Intervista a Eddy Merckx: "Perché fare solo un confronto tra me e Fausto? E allora Bartali? Ma non dite che non avevo rivali. Le vittorie di Coppi erano da romanzo, le mie da cronaca"

"Ho vinto tantissimo ma Coppi è leggenda"

Di Fausto Coppi sa tutto: chi è stato, cosa ha fatto e come è finita. Quando il Campionissimo “chiuse le ali” Eddy Merckx non aveva ancora compiuto quindici anni. «La notizia girò il mondo e anche in Belgio se ne parlò moltissimo.

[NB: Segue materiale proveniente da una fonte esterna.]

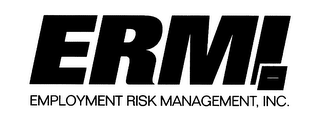 ERMI - EMPLOYMENT RISK MANAGEMENT, INC.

Io devo essere sincero, fino a quel tragico epilogo sapevo davvero poco ­ ci racconta il corridore più vincente di tutti i tempi -, però da quel drammatico 2 gennaio 1960 ho cominciato a leggere tutto sulla sua vita di corridore e di uomo. Coppi è stato davvero un corridore immenso, di primissima grandezza».

Parlare di Fausto Coppi con Eddy Merckx fa un certo effetto, soprattutto se il Cannibale si trova a dover fare un confronto diretto con il Campionissimo. L’uomo super del ciclismo mondiale, il corridore più prolifico della storia delle due ruote, l’atleta che dal ’65 al ’78 ha fatto della vittoria il suo principale credo, questa volta non ci sta: «Io più forte di Fausto Coppi? No, non scherziamo. Questi paragoni sono davvero improponibili da fare e soprattutto sbagliati. Ognuno di noi è il più bravo nel proprio periodo. Io penso di essere stato molto bravo nel mio, mentre Coppi lo è stato certamente nel suo».

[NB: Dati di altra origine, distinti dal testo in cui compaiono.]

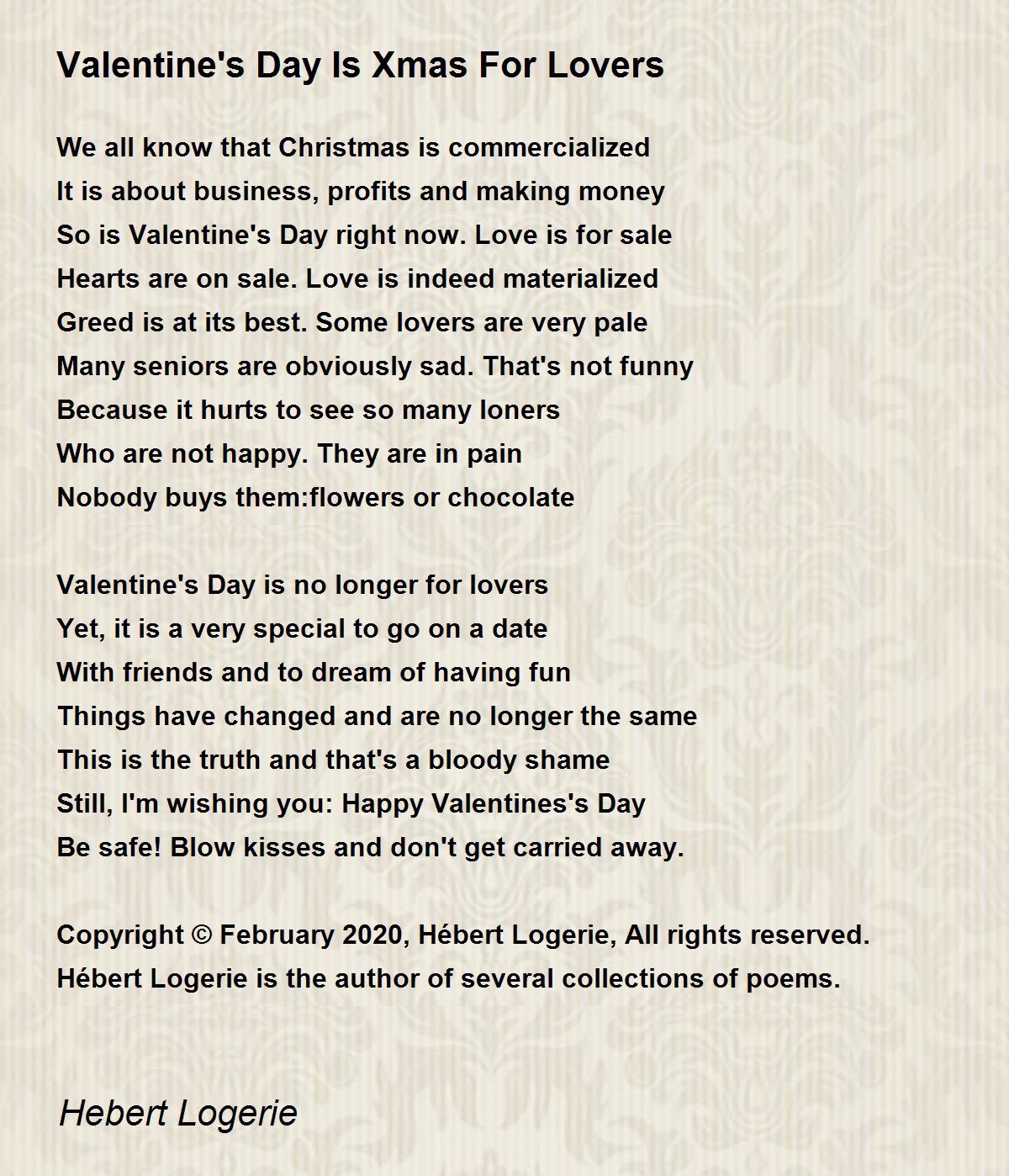 Valentine's Day Is Xmas For Lovers - Valentine's Day Is Xmas For Lovers Poem  by Hebert Logerie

Ci sono però tanti sportivi che dicono che la grandezza di Coppi è data dal mondo in cui vinceva, dagli avversari che si è trovato ad affrontare e alla guerra che penalizzò gran parte della sua carriera...
«Ognuno può pensarla come vuole e io accetto tutto, meno una cosa però: i miei avversari sono stati davvero grandi. Se la generazione di Coppi è stata molto prolifica, la mia non è stata da meno. Coppi ha senz’altro dovuto lottare con Bartali, Magni, Kubler, Koblet, Bobet, Robic, Van Steenbergen, Ockers o Geminiani, ma il sottoscritto si è trovato a duellare con gente del calibro di Gimondi, Poulidor, De Vlaeminck, Ocaña, Thevenet, Zoetemelk, Van Impe, Agostinho, Galdos, per non dire Adorni, Motta, Zilioli e via di questo passo. Coppi vinse alla Coppi. Merckx vinse alla Merckx. La verità è che poi ognuno di noi sceglie con irrazionalità, seguendo il cuore. Coppi probabilmente ha fatto sognare più del sottoscritto. Le vittorie di Coppi sono diventate romanzo, le mie cronaca».

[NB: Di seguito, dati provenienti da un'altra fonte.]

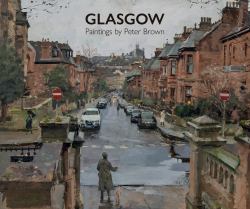 Glasgow: Paintings by Peter Brown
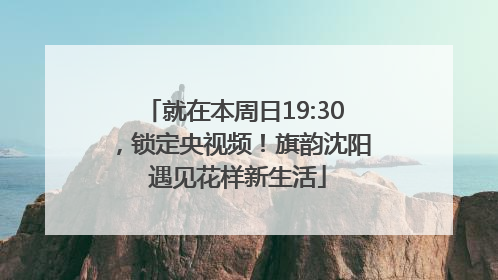 就在本周日19:30，锁定央视频！旗韵沈阳 遇见花样新生活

Insomma, lei non si sente più forte di Coppi?
«Io non me la sento di fare questo tipo di confronti. Diciamo che non mi sento inferiore, so di aver fatto grandi cose nel mondo del ciclismo, ma so anche che quello che mi proponete è soprattutto un gioco che piace agli sportivi e che solletica voi giornalisti. Coppi è là in cima, io ho il mio posto, mettetemi dove volete, non spetta a me dirlo. In ogni caso i problemi sorgono non solo se ci si chiede chi sia stato più bravo tra me e Coppi, ma tra il Campionissimo e Bartali».

Ecco, per lei è stato più grande Coppi o Bartali?
«Per me Coppi, ma Bartali è stato un mostro di bravura. E se mi permettete, Fiorenzo Magni, in mezzo a quei due lì, non è stato poi così da buttare via. E di Luison Bobet, che dire? E lo stesso vale per la mia generazione. Se si valutano i numeri, credo che ci sia poco da ragionare, sono lì da vedere: ho vinto come nessun altro. Ma credete davvero che Felice Gimondi sia stato semplicemente il primo dei battuti? No, Felice è stato molto più grande di quanto voi italiani pensiate. So solo io la fatica che ho dovuto fare per togliermelo di ruota, anche se quando lo incontro ancora oggi Felice mi dice scherzoso: “mi hai fatto sputare il sangue, non mi sono ripreso ancora adesso”».

Del ciclismo di Coppi cosa la colpisce?
«Le strade, l’audacia, l’epica, che il mio ciclismo non ha mai avuto, per via della tivù che ha cominciato a far vedere le corse e le immagini, si sa, atrofizzano la fantasia.

Coppi però, anche da pareri qualificati, ha avuto anche il grande merito di traghettare il ciclismo verso la modernità. E poi giratela come volete, ma la grandezza di Coppi sta tutta nella sua assenza. Uno come Coppi manca». Almeno da cinquant’anni.